Federation depends on this being mechanical. A specialist trained somewhere else, by someone we don't control, with a tokenizer and dimensionality we have to discover from a file, must instantiate without per-specialist intervention. Without that property, every specialist is a special case, and federation reduces to a list of one-off integrations.

The bet's STRICT pass establishes the property at the v1 schema. Every subsequent bet in the catalogue assumes this property holds — when Bet 04 (mixture combiner) loads two specialists and runs them in parallel, when Bet 18 (glass-box LLM) attributes per-token log-probs across specialists, when Bet 52 (ternary + adapter) composes a quantised base with a per-user adapter — all of these depend on the loader handling whatever specialist they invoke.

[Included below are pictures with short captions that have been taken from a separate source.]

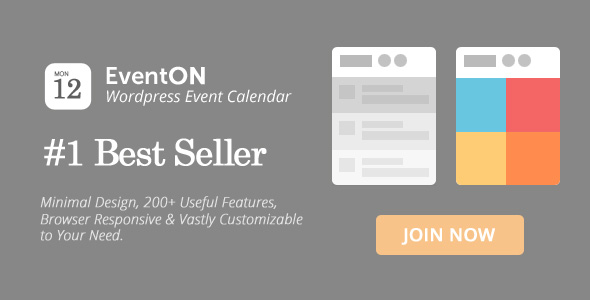 EventOn v2.4.9 - Plugin Kalender Acara WordPress 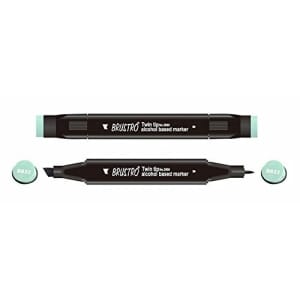 Brustro Twin Tip Alcohol Based Marker - Turquoise Ink Blue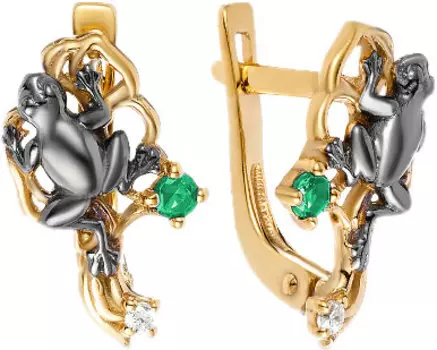 Серьги Серебро России SJE2ZCHCH133-73969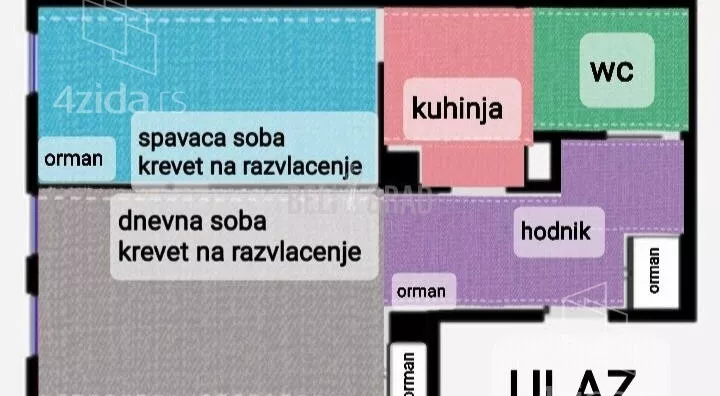 Jednoiposoban stan | 4zida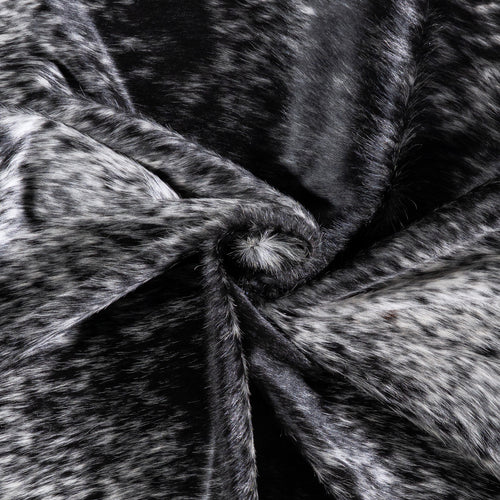 Brazilian Black Salt and Pepper Cowhide Rug Size 7'4" L x 6'8" W 5992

This is the unglamorous-but-load-bearing kind of bet. There's no eye-catching number, no retraction drama, no marketing-friendly headline. The bet is just "the plumbing works, and we can build on top of it." Every catalogue needs this kind of bet near the start; the work that comes after only makes sense once the foundation has been validated.

Run command

PYTHONPATH=src python -m experiments.bets.01_loader

Output: experiments/bets/results/01_loader.json records the smoke-test outcomes for all three reference manifests, with per-step timings (parse, validate, instantiate, mmap, load tokenizer, smoke test, validate logits) and any error traces.

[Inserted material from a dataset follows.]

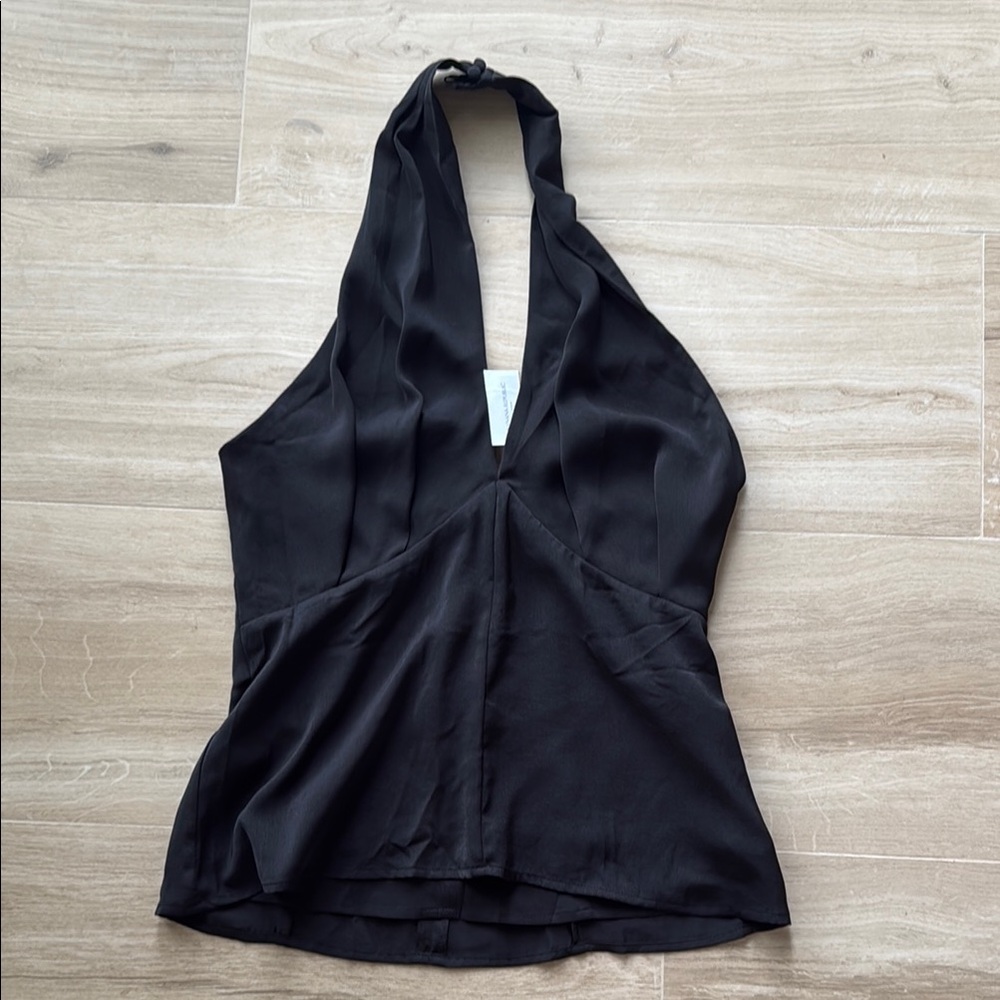 Banana Republic Black Halter Blouse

  • Bet 02: end-to-end federation with real artefact. Two-specialist federation built on top of this loader.
  • Bet 03: dumb keyword router. Selects which specialist to invoke; assumes the loader provides a working specialist.
  • Bet 05: KV-cache federation. Wire-format envelope between specialists; assumes both specialists have been loaded via this path.
  • Bet 04: mixture combiner. Combines logits from multiple loader-instantiated specialists.
  • Bet 18: glass-box LLM. Per-token attribution across loader-instantiated specialists.